Using Sensu to Monitor, Alert, and Remediate a Heterogeneous Infrastructure

By Ben Parli

In Nitro Engineering we have adopted an All-Ops, Immutable Systems ethos. Of course, adopting the right tools is critical to this culture and products such as Docker and Ansible have served us well in engineering new systems and subsequently pushing features ever faster. However, a challenge remains in how to maintain the legacy systems we’ve inherited which don’t necessarily lend themselves to this culture. We run a lean Engineering team here at Nitro, but this is an added pressure on the typical All-Ops breadth of responsibilities.

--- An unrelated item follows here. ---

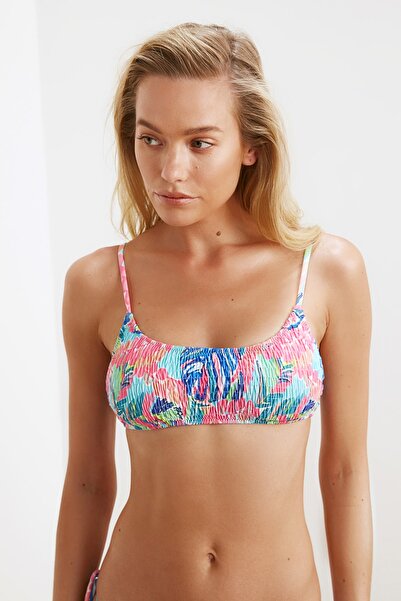 Trendyol Collection Floral Patterned Glitter Bikini Top TBESS21BU0283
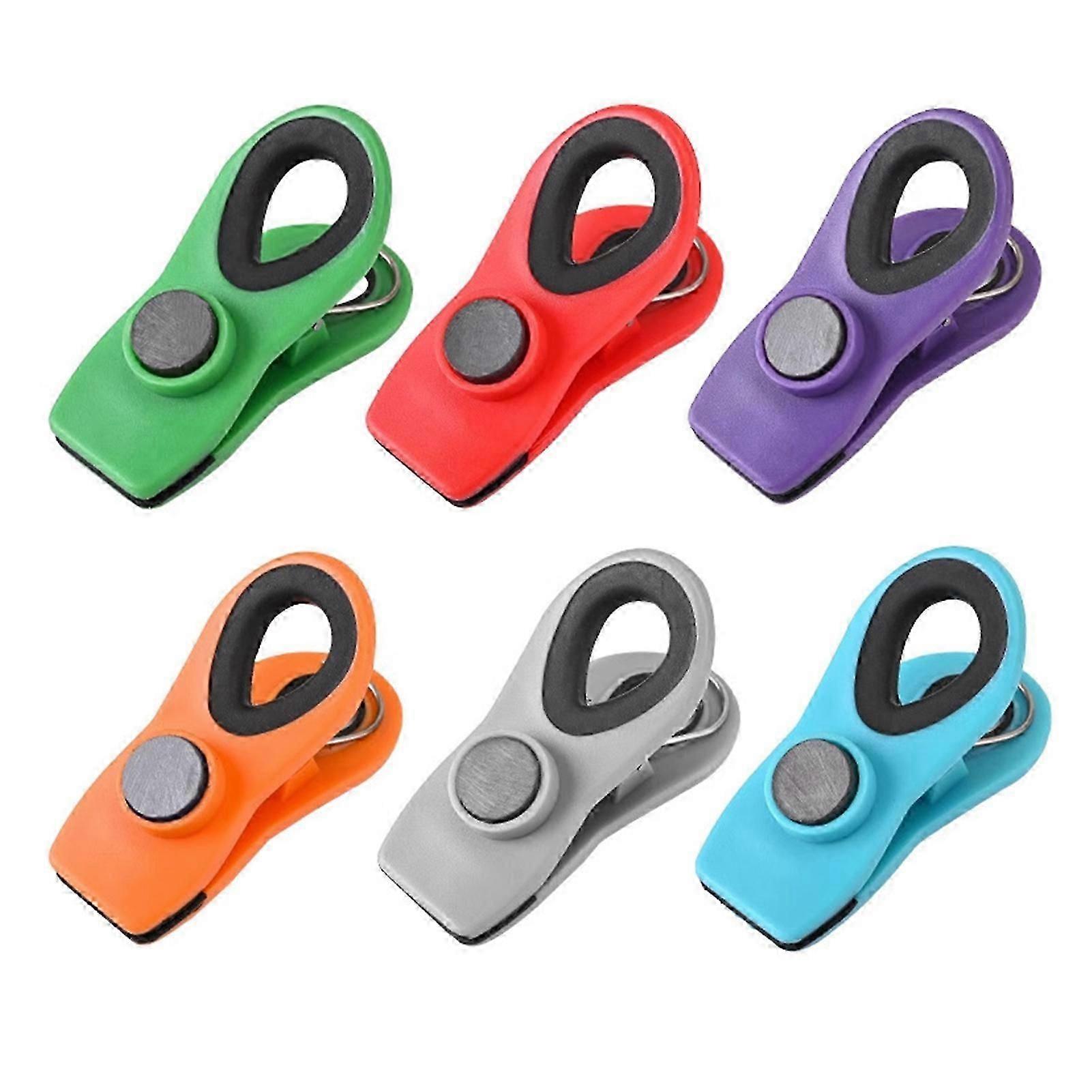6Pcs Magnetic Sealing Clips for Food Storage Strong Magnet Airtight Seal Chip Clips Bag Clips Plastic Bag Sealer for Food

Even in our furious efforts to refactor these legacy platforms, we must maintain our SLA in the meantime no matter what.

Tool Considerations

With the daily difficulties in keeping the legacy sites up and healthy, we identified the need for a host monitoring and alerting tool. We already leverage third-party tools for instrumentation and time-series application monitoring; our latest pain point is with cleaning up the hosts themselves in many cases. It would have to be flexible and adaptable to support both our current Ubuntu, Docker hosts as well as the legacy Windows environments. It should be open source (as that is also a big part of our ethos), cost effective, ansible compatible, and easy enough to use by any engineer in the company.

Enter Sensu

We evaluated a few products but ultimately settled on Sensu, the modern infrastructure monitoring framework. Sensu checked all the boxes noted above; its open source with a great community, has an abundance of documentation, and is even backwards compatible with nagios plugins so we can start using it right away with minimal effort. Additionally it follows a pub/sub pattern, something our engineers can all fundamentally understand out of the box.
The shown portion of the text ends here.